▶ COLLECTED MATERIAL
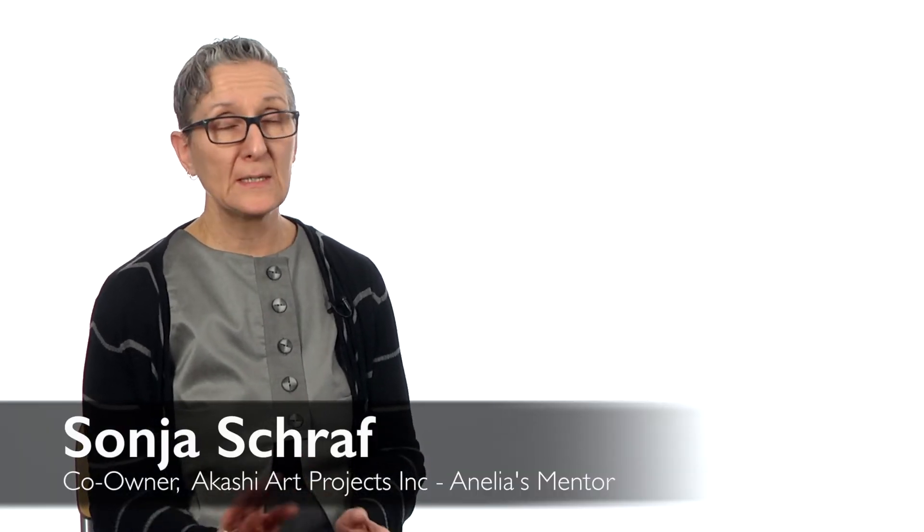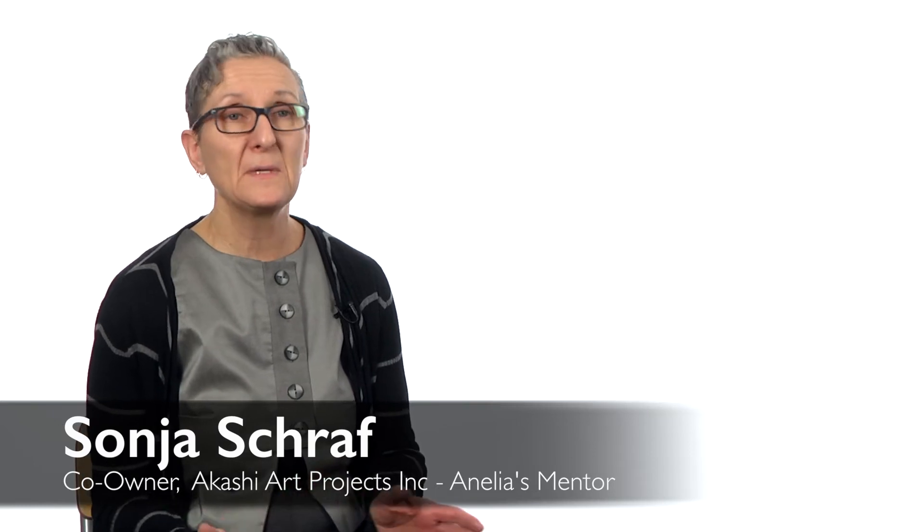When we first met at our very first meeting, we initially and immediately connected. My name is Sonia Scharf, I'm the co-owner of Acacia Art Projects along with my partner Kelly Kyle and we are a full service art business.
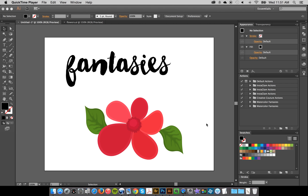Hey everybody, this is Jessica and I'm just going to give you a quick little tour on how to use the new Watercolor Fantasies collection. The first thing that you'll want to do is load up your swatches. I have a document here with some sample text and a sample design, and as you can see I just have the basic swatches.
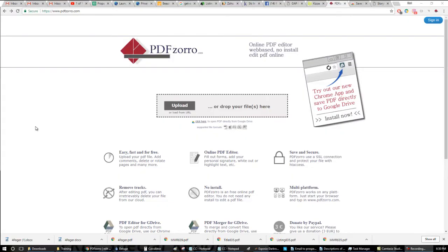Hey, I just want to give a shout out to PDF Zorro. If you guys are looking for a really awesome PDF editing tool, this is fantastic. I just found this and I love it.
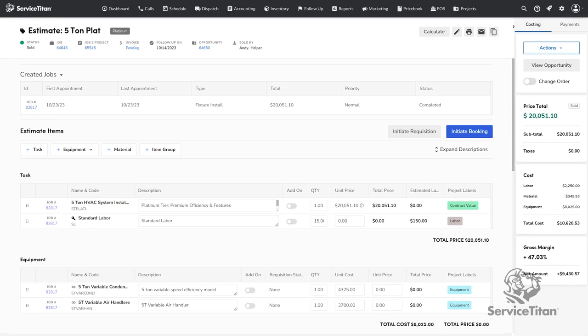The line item approach is ideal for equipment changeouts, short-term projects, and any time you are able to build an estimate with the exact services you are selling, as well as materials and equipment you are installing.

▶ THE PROBLEM
Beginning with the line that holds "Hey, I just", write out exactly the lines down to the end of the material above, and no others. Pictures are not part of the copy.

▶ ANSWER TO THIS TASK
Hey, I just want to give a shout out to PDF Zorro. If you guys are looking for a really awesome PDF editing tool, this is fantastic. I just found this and I love it.
The line item approach is ideal for equipment changeouts, short-term projects, and any time you are able to build an estimate with the exact services you are selling, as well as materials and equipment you are installing.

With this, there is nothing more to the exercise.